Tony Award winning musical to perform at the PAC

Matt Sowell

Audiences are invited to be taken on an emotional rollercoaster this weekend as Georgia Southern University’s Opera and the Georgia Southern Symphony bring to life a Sondheim classic: “Company.”

“Company” will be performed Friday and Saturday in the Performing Arts Center. The show will begin at 7:30 p.m. and admission is free with an Eagle ID.

The musical follows the story of Bobby, a young man who struggles with relationships and the concept of marriage. He watches his married friends from the outside as he deals with an internal conflict, whether to get married or not.

“Bobby is a very complicated character.  He is someone who fully believes that he knows and understands what he wants in a relationship, but never really had a good example of a stable, happy marriage so he doesn’t really know anything about them,” Jacob Furse, senior music education major who is playing the lead role of Bobby, said.

“It deals with the issue of commitment, more specifically marriage” Arikka Gregory, assistant professor of voice and “Company” director, said. “What is more frightening: committing yourself to another and living with their wonderful and not-so-wonderful attributes, or journeying through life alone with only impermanent relationships and ‘third-wheel’ dates with your married friends to keep you company?”

The show features many emotional turns as it explores the complexity of relationships.

“I love how each scene in the show makes us laugh out loud at first and then hits us with profoundly thought-provoking situations. I also have been thrilled to watch the students enjoy branching out to explore the more realistic, modern characters of the musical theatre world. In opera, they get a pretty big dose of powdered wigs and tights,” Gregory said.

The musical features an array of colorful characters.

“I am Jenny in the show,” Margaret Alley, a graduate student and actress in “Company,” said. “My favorite moment is at the end of the smoking scene in Jenny and David’s apartment. Even after Jenny goes way out of her comfort zone for her husband and Bobby, she still shows how much she loves her husband. It’s such a short, tender moment that catches me off guard. It blows my mind that she can love her husband that much and show people how much she loves him.”

“The Georgia Southern Opera puts on one production a year that we are lucky enough to hold in our space,” Stacie McDaniel, the house manager at the PAC, said. “I am absolutely excited about seeing ‘Company.’ It’s one of Stephen Sondheim’s best-loved musicals, and it’s recently been revived on Broadway to much acclaim.”

Carolyn Bryan, a music professor and the conductor of “Company” gave some insight into the history of the show.

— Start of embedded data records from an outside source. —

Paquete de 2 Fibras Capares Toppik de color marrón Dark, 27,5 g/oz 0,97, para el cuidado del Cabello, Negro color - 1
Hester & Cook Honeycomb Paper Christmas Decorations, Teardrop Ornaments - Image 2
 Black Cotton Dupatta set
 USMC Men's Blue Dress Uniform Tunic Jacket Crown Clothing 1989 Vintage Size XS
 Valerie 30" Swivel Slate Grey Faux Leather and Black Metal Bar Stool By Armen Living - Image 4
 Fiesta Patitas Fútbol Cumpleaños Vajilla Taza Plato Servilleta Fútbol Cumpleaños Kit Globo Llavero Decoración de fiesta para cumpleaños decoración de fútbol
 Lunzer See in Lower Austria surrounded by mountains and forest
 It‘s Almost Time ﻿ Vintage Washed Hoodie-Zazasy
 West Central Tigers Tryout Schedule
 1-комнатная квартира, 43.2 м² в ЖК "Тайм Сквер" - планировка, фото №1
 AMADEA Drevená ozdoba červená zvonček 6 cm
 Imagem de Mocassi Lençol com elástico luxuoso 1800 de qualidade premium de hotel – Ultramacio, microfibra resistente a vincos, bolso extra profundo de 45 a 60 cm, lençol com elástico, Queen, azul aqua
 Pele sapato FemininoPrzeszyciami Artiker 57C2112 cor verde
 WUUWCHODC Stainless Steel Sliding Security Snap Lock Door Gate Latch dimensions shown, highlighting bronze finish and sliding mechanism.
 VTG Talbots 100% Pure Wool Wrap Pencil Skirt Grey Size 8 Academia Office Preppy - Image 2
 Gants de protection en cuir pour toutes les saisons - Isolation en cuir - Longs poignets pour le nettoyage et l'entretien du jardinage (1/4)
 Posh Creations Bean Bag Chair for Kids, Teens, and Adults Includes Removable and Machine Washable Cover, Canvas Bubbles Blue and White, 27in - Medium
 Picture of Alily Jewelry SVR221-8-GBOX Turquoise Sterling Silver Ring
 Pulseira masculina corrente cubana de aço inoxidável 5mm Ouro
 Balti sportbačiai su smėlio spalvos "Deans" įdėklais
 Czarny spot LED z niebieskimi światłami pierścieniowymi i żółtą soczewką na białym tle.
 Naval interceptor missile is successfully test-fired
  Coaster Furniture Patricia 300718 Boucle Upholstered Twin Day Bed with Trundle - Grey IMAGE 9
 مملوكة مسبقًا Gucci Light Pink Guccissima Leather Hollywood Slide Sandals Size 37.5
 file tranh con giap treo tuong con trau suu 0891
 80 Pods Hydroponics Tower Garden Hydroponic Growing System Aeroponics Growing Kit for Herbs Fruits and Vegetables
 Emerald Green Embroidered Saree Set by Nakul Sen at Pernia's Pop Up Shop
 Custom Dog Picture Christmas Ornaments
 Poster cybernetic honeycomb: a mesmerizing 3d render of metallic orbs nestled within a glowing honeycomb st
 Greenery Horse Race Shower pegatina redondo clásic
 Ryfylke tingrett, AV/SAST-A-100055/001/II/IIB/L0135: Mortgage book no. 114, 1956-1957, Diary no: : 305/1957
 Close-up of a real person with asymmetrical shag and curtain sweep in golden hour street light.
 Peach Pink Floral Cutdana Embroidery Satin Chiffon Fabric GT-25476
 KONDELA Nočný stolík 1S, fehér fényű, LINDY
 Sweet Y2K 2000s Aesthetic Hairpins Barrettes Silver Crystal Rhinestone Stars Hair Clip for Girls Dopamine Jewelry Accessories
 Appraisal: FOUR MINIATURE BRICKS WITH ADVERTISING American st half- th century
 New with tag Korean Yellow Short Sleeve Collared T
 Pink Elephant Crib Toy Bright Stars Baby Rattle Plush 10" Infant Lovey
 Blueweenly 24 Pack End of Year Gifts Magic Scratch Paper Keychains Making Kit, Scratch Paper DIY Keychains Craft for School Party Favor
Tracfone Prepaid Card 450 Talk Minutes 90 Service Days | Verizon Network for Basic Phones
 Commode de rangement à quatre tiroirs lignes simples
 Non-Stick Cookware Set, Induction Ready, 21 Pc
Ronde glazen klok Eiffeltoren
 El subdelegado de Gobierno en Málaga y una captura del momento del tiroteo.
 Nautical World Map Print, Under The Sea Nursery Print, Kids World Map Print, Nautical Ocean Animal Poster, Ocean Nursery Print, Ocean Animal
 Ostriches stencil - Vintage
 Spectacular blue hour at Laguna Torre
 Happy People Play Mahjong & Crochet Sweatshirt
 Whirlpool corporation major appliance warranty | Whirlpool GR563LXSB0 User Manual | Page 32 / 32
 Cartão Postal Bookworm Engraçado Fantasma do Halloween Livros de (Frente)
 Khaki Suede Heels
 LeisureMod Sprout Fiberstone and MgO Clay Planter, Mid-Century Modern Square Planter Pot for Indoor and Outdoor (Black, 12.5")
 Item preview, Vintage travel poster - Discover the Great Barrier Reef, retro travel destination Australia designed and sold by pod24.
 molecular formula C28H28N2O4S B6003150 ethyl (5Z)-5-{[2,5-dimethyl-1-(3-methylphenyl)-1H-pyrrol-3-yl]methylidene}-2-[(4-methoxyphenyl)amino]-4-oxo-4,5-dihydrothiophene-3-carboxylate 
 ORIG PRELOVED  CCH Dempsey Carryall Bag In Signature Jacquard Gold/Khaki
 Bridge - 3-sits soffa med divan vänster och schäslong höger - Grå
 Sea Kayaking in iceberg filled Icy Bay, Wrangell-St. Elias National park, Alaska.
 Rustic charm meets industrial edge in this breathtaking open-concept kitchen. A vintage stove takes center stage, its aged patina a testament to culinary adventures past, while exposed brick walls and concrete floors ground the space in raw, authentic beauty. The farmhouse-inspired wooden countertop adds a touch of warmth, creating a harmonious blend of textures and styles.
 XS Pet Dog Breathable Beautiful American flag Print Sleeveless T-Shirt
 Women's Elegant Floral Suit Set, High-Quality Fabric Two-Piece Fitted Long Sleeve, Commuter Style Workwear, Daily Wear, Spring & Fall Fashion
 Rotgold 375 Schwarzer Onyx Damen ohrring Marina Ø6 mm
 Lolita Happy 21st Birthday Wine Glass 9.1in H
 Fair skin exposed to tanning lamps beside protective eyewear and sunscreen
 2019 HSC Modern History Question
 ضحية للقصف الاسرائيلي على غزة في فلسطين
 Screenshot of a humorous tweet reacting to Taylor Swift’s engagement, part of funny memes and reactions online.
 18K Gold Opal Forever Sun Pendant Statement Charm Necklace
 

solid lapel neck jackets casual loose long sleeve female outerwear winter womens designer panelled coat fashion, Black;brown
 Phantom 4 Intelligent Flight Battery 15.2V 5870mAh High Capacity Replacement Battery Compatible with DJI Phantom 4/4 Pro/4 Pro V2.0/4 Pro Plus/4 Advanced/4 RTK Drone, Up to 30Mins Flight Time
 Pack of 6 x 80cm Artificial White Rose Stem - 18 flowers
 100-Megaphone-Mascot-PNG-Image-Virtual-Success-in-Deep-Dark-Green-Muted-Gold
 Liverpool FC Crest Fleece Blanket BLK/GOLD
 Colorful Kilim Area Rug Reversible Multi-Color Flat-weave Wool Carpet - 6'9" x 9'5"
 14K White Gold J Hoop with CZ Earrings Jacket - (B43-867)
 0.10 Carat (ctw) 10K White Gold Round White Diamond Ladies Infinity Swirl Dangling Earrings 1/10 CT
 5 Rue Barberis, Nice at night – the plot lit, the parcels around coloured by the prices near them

“The show opened in nineteen seventy but very few things date it – the relationships and Bobby’s journey are timeless. The show was revived on Broadway in nineteen ninety-five. Neil Patrick Harris and several popular actors recently did a concert version of ‘Company’ with the New York Philharmonic; it is on PBS Great Performances this month.” Carolyn Bryan, the conductor of “Company,” said.

The show is known for the way that the music drives the plot.

“Unlike more traditional musicals, the songs are integral to the story. ‘Company’ broke out of the mold of the book musical [something like ‘Oklahoma’ or ‘The Sound of Music’] where the story is complete without the songs. In ‘Company,’ the songs give insight into the characters and help carry the plot,” Bryan said.

McDaniel urges students to take advantage of this opportunity.

McDaniel said, “The thing that I feel like a lot of college students don’t realize is that a college campus is like a small city. There’s plenty of food, music and culture to absorb pretty much every night. And a lot of it, like Georgia Southern University’s production of ‘Company,’ is free to students.”